If you fart in a submarine does the pressure equalize?

glh
6th February 2008, 06:55
No I was just wondering and it counted as my question just like this counts as my answer.

If you fart in a submarine does the pressure equalize?

I am stumped.

Are there any Submariners in the crowd that can answer?

williamv1203
6th February 2008, 12:17
No, it's just muffled due to the pressure!

Is there much room between a rock and a hard place?

Githianki
6th February 2008, 12:25
usually enough to get yourself stuck in it....

What do I do with my dog with no legs?

Quebeker
6th February 2008, 12:32
usually enough to get yourself stuck in it....

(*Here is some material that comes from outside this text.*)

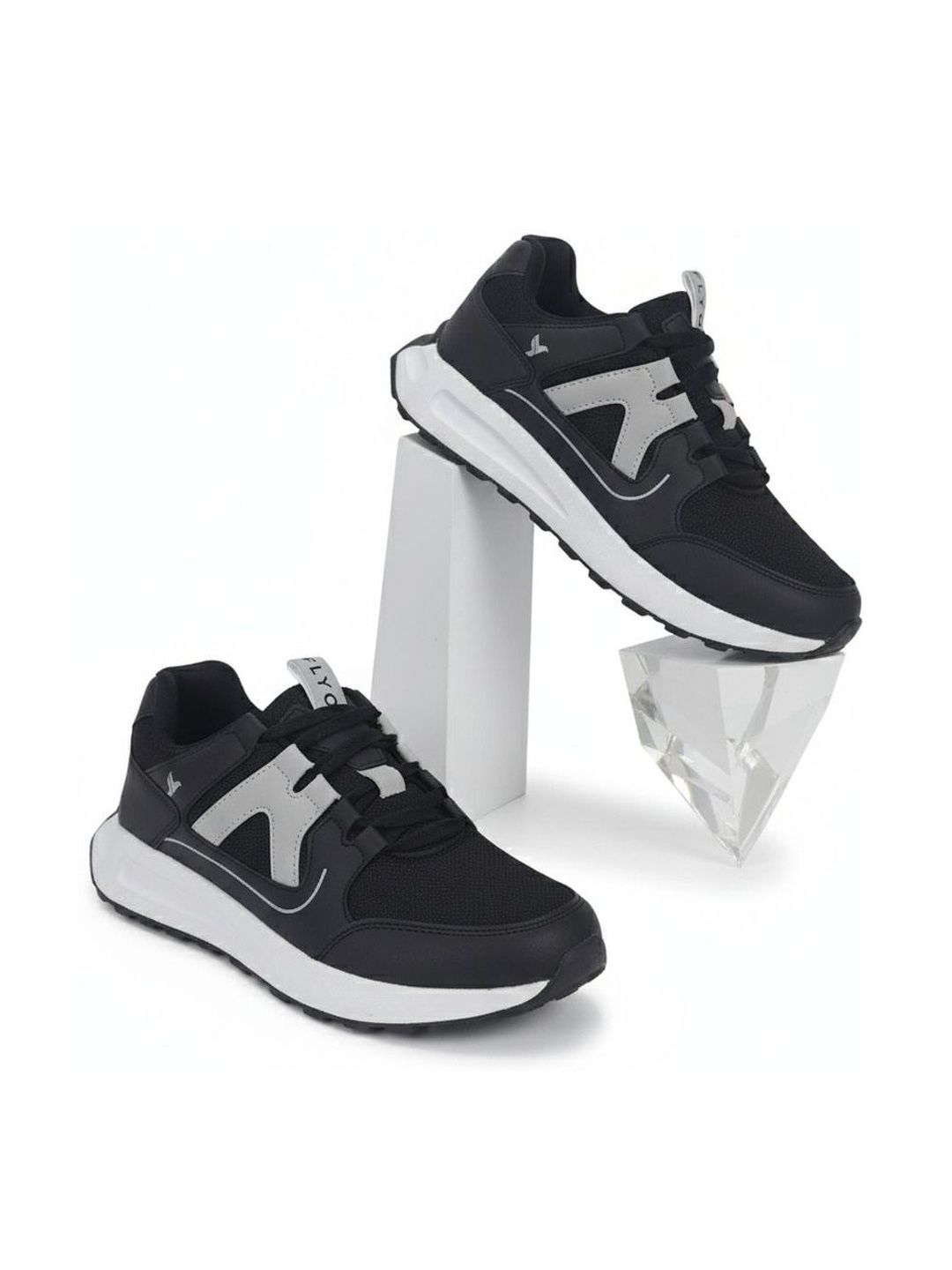 FLYO Men Mesh Training or Gym Non-Marking Shoes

What do I do with my dog with no legs?

a- Carry him around.

q- How do they get the "Keep off the Grass" sign on the grass?

shameless
6th February 2008, 12:52
By helicopter.

Why do people touch wet paint when there is a sign that tells them it's wet?

Irondrake77
6th February 2008, 13:10
By helicopter.

Why do people touch wet paint when there is a sign that tells them it's wet?

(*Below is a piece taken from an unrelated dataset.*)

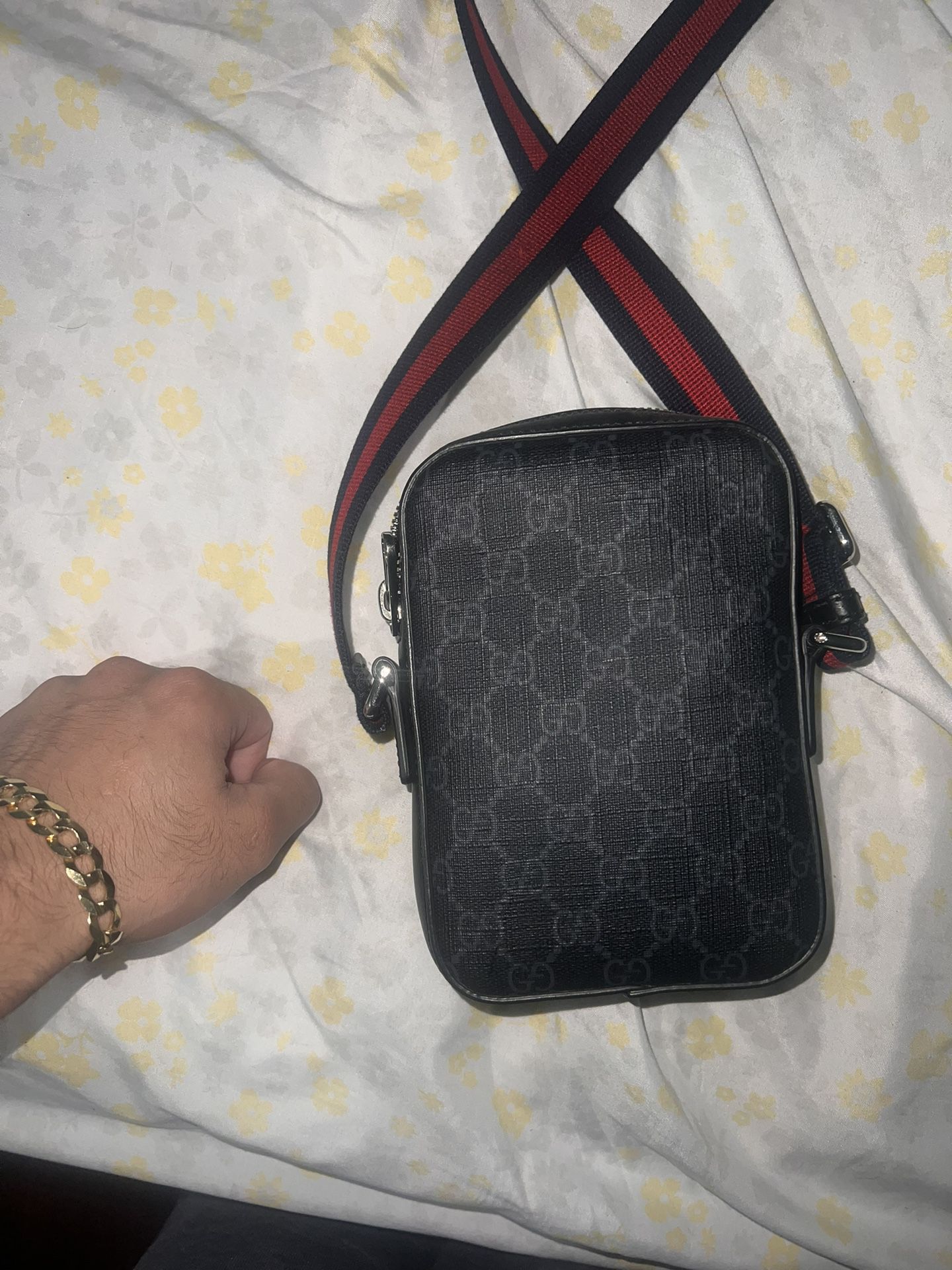 GUCCI MESSENGER BAG for Sale in Los Angeles, CA - OfferUp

A. Never believe anything you read

Q. do you believe me?

Bruce
6th February 2008, 13:23
Yes, No, Yes, No, Hell I don't know.

Why did I stay home to read this stuff?

jrossty
6th February 2008, 14:47
Because if you didn't read this, you'd be reading about "Super Tuesday"..:frownthre


Was Bruce Lee really as tough as people make him out to be???

Bruce
6th February 2008, 21:08
Yes I watched him on TV. I believe everything I see on TV.

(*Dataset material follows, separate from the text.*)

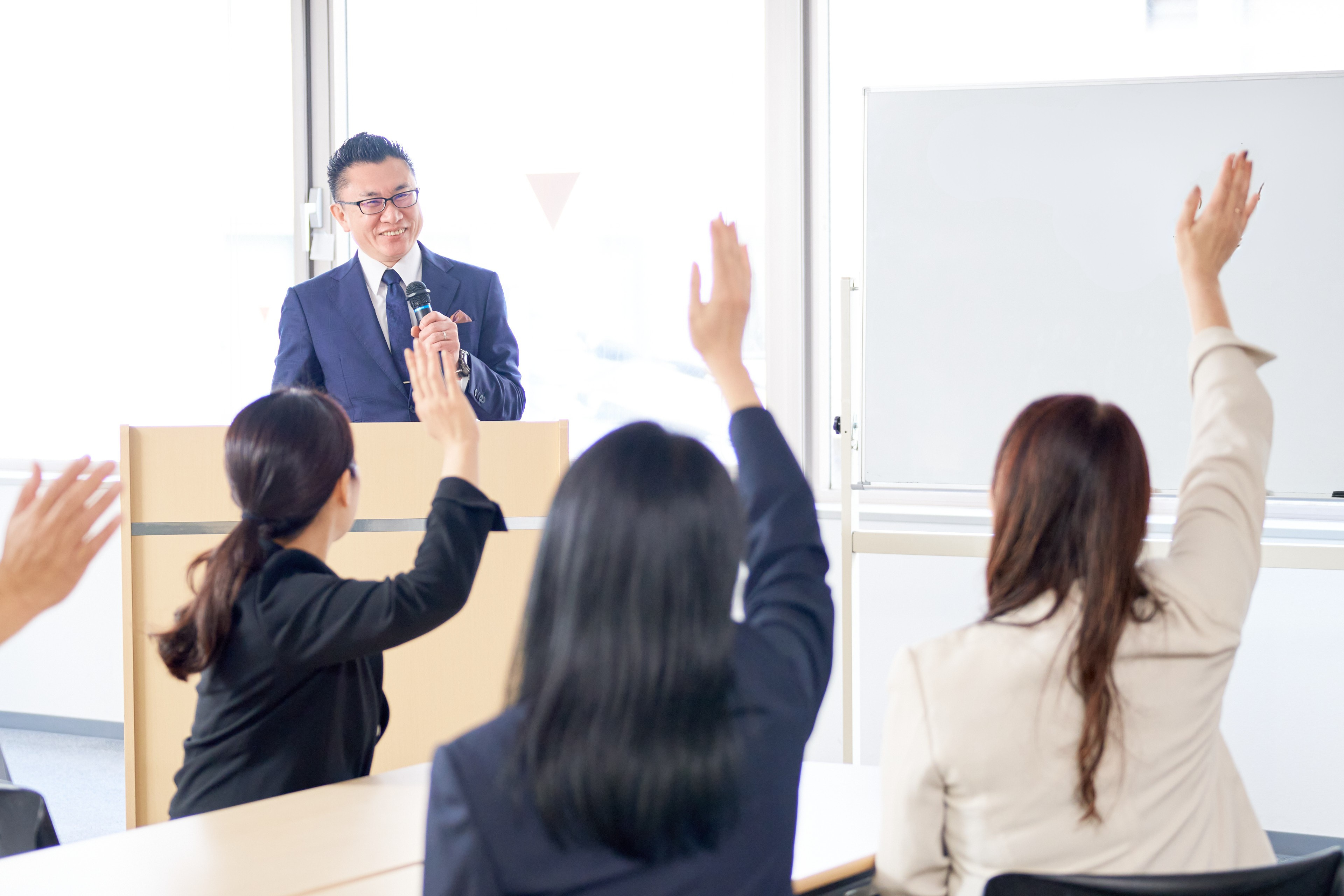 あなたの美容クリニックを辞めない組織文化へ！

Is the black Sportster really the best?

Swankster
6th February 2008, 21:21
If it's the only one you got.
Where's Monica's dress?
Swank

kiltbill
6th February 2008, 21:57
For sale on the bay of E.


Why did the cow jump over the moon?

williamv1203
6th February 2008, 22:29
It didn't. It was shot in a studio, as part of a government coverup.

What would horsepower be like if it had been a weak horse that it was associated to?

shameless
6th February 2008, 23:50
Chihuahua Power

Who put the dick on the snowman? (thnx Rodney Carrington)

hooptygoo
7th February 2008, 01:40
Chihuahua Power

Who put the dick on the snowman? (thnx Rodney Carrington)

Sorry about that.


If vegetable oil is made from vegetables and olive oil is made from olives, what's baby oil made from?

Davemandu
7th February 2008, 02:26
A: Babies...duh

Q: If one is the loneliest number, then why doesn't it try e-harmony.com?

glh
7th February 2008, 03:34
A: Babies...duh

Q: If one is the loneliest number, then why doesn't it try e-harmony.com?

Because lonely is self-complete, brave, and aware.

Q: Why are fossils old?

dabronco
7th February 2008, 04:04
A: They find new fossils all the time.

Q: If you put peanut butter on a cat's back, will it still land on it's feet?

sycle1
7th February 2008, 04:12
A. only if its crunchy!
Q. Why do gals wear skimpy clothes then yell, what you looking at!

Quebeker
7th February 2008, 04:16
A. only if its crunchy!
Q. Why do gals wear skimpy clothes then yell, what you looking at!


a- I dont know but your avatar just yelled at me.

q- If corn can't hear, why does it have an ear?

tomheck2112
7th February 2008, 04:30
A: sorry I can't hear ya

Q: if a man and a woman fight in the forrest is he still wrong?

shameless
7th February 2008, 04:39
He's never wrong, she's just overly confident.

Why do people call it a "Hot" water heater?

glh
7th February 2008, 05:22
Because a "cold" water heater makes too much sense.

Do you embrace the world in your heart?